I don’t often talk politics on here. The subject is too demanding, too demoralizing, especially for one such as myself, someone who doesn’t take sides in the grand game of Red vs. Blue. For this birthday reflection, though, I have to look at the state of my life and see how much of it is dominated by politics, by forces beyond my control. That, more than anything, has contributed to my depression, I feel. And it has soured me on entire swaths of the political spectrum. I never fit on that to begin with; now, “a pox on both your houses” is too mild to describe my feelings.
On a more personal level, I feel like I’ve been set up to fail. This time last year, things weren’t great, but they seemed to be improving. I’d finished writing a great novel, I had others on their way, the job search was picking up, I had made friends…I was starting to get a small but perceptible feeling of positivity. Then I began to falter. My relationship with my beloved got rocky, to say the least, and mostly because of my mental health problems. Last December, I endured a sickness that, I now recognize in hindsight, was most likely caused by the Wuhan coronavirus. A month after that, my uncle passed away after a long struggle.
Then came the pandemic, which we now know to be greatly exaggerated. For seven months, a normal life has been denied to all of us outside Sweden and South Dakota. I took that harder than most, I think. At times, I felt as though everything in the world was arrayed against me, all its forces singling me out as their target. I may try to be rational, but in this case, I started wondering if I’d been cursed, if this was my punishment for stepping out of line by trying to reach for the life I wanted, rather than the miserable existence I’d been given.
Today, I still can’t definitively say that’s false. By the law of averages, I should have some positive results, right? As far as I can tell, I have one, and I can’t keep making her wait. She’s not getting any younger, either.

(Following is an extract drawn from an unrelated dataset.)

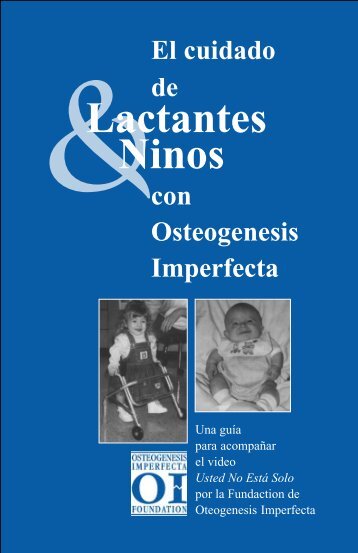 Lactantes Ninos - Osteogenesis Imperfecta Foundation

So, while I may have other goals for 37, they all come back to that. Getting my life back on track, taking it where it was supposed to go before the world went mad. Becoming the man I want to be, the man she deserves. Living, rather than simply existing.
“Happy” birthday. Yeah.
Addendum: I wrote this around 2PM on the 15th. A few hours later, I learned that my mother’s best friend passed away. I…think she was 60? I’m not certain, and I can’t find an obituary online yet. Strictly speaking, that doesn’t go down as yet another awful thing to happen on my birthday, but it’s more evidence in favor of an October curse.
I didn’t know her well enough, but my mom and aunt both considered her the next best thing to a sister. Despite her failing health, she stayed with my uncle in some of his final moments back in January; if nothing else, she deserves to be remembered for that.
Although I’m not as affected by her death as someone who was closer to her, hearing about it, especially on the day before my birthday, shocked me more than I expected. One of my first thoughts was relief that she hadn’t waited another day. Then, when I realized what I was saying, I felt incredibly selfish. What right do I have to ask that another human being die a day early to spare me hearing bad news on my birthday?
More than anything, that has left me troubled as I write this at 9:20 PM on the night before it posts. I’m not shedding tears for a woman I usually saw once or twice a month. They’re for me, because what kind of monster have I become?